Only the lines from the one with "Mesa Work 43000" through the last line of the data below are to be duplicated, exactly and without pictures.
[EXCERPTED RECORDS]
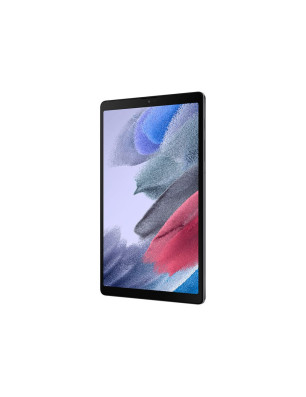 Galaxy Tab A7 Lite 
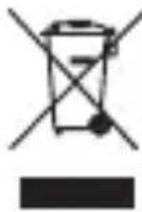 Biltema 27-298 - GARANTI - 1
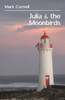 Julia & the Moonbirds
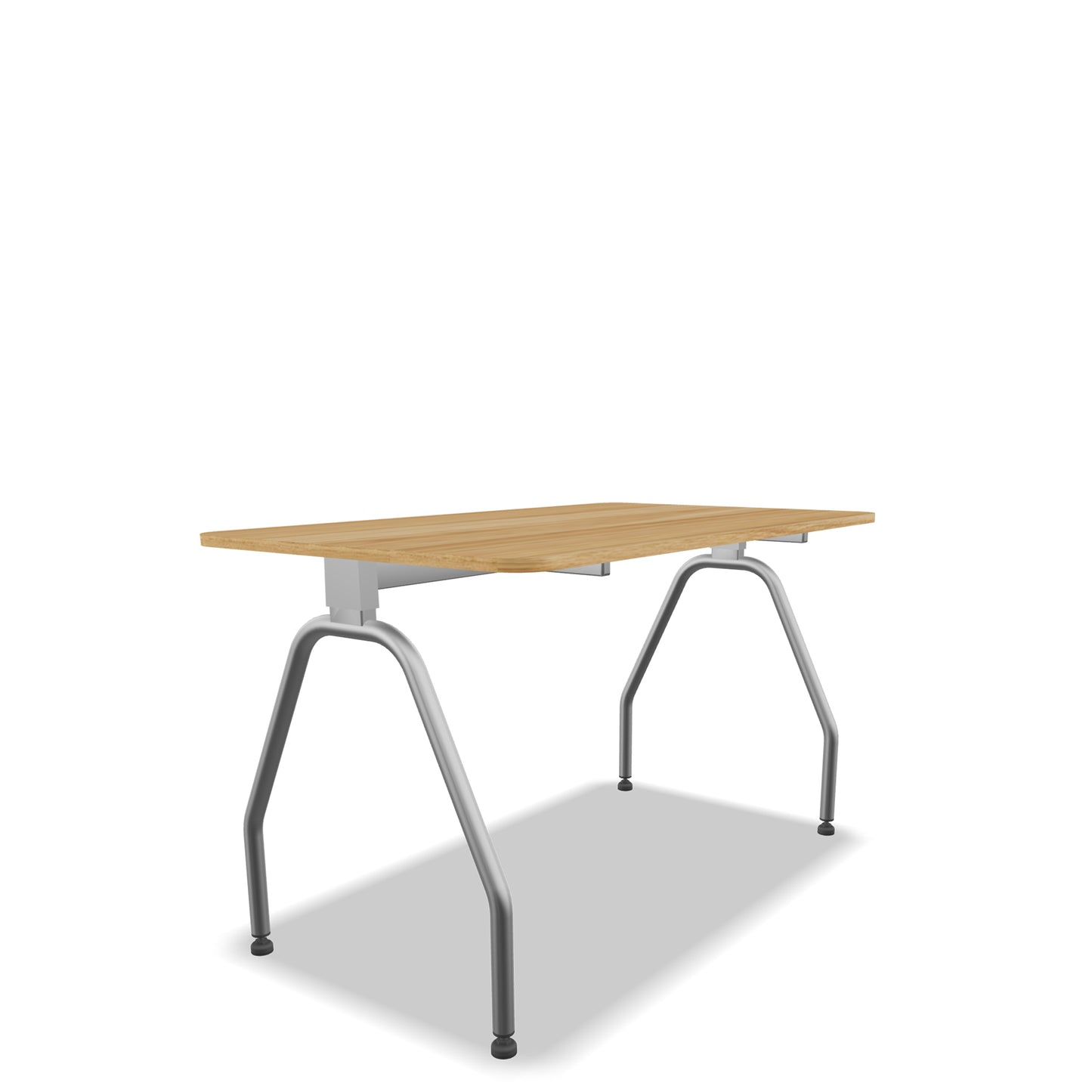 Mesa Work 43000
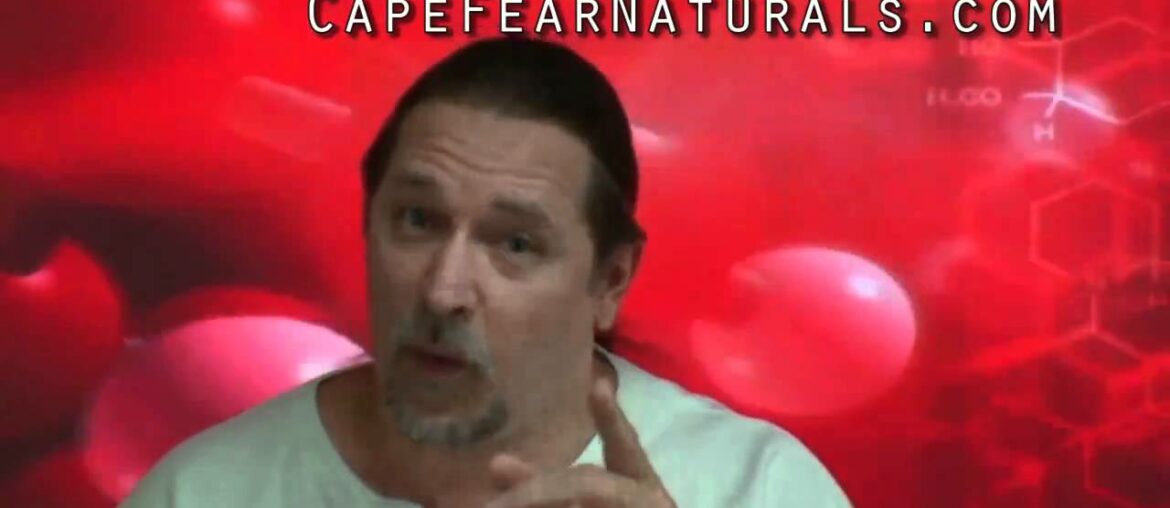 Beta Glucan Immune Response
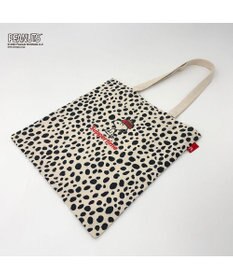 ROOTOTE 8400【スヌーピー】IP.トール.ピーナッツ-9L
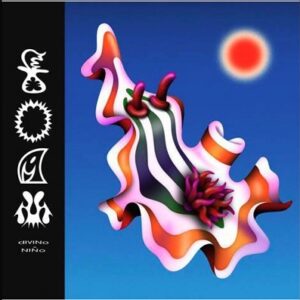 Image for 0704751183554-m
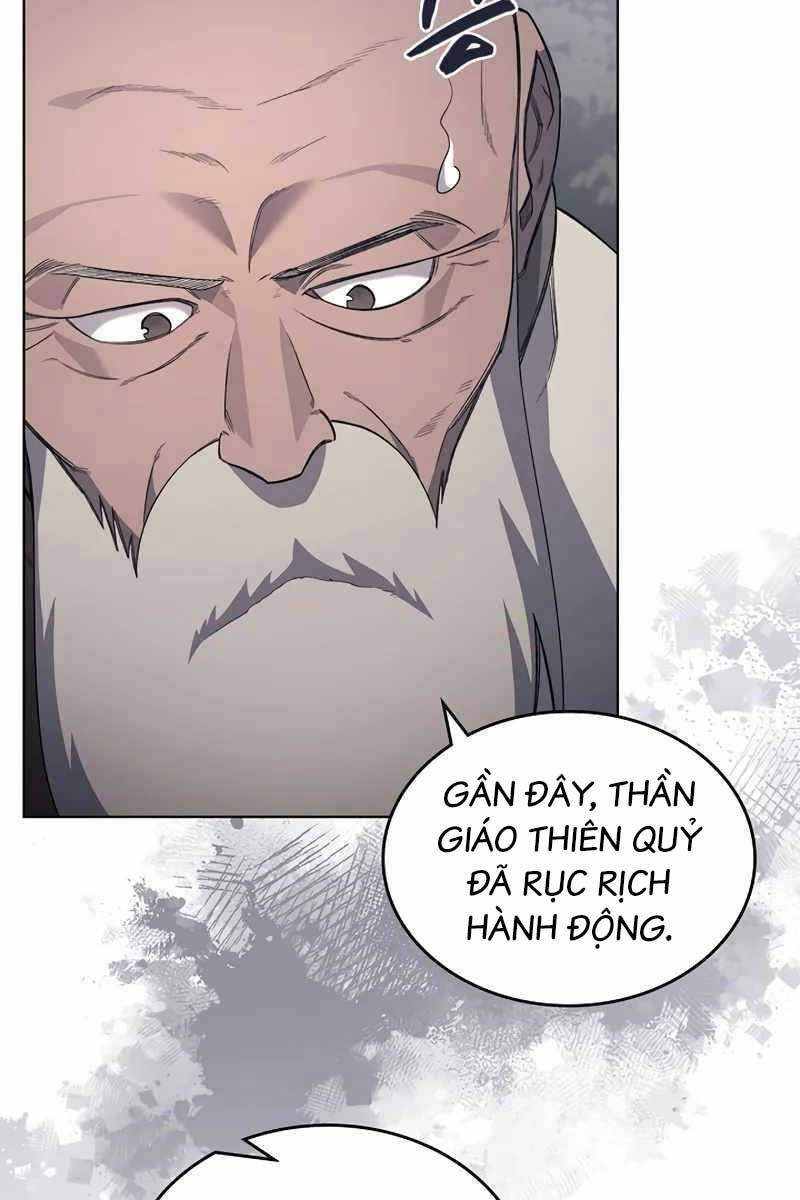 Biên Niên Sử Của Thiên Quỷ Chap 210 - Next Chap 211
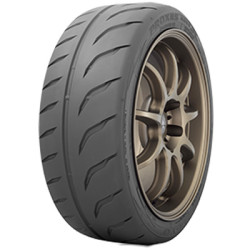 245/40 R18 97 Y Toyo Proxes R 888-r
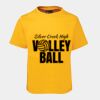 JB's  KIDS TEE Thumbnail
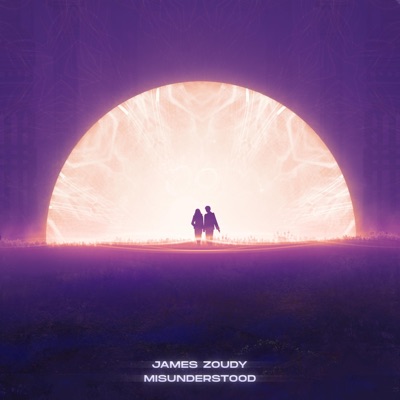 Misunderstood - Single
[/EXCERPTED RECORDS]
**WORKED SOLUTION**:
 Mesa Work 43000
 Beta Glucan Immune Response
 ROOTOTE 8400【スヌーピー】IP.トール.ピーナッツ-9L
 Image for 0704751183554-m
 Biên Niên Sử Của Thiên Quỷ Chap 210 - Next Chap 211
 245/40 R18 97 Y Toyo Proxes R 888-r
 JB's  KIDS TEE Thumbnail
 Misunderstood - Single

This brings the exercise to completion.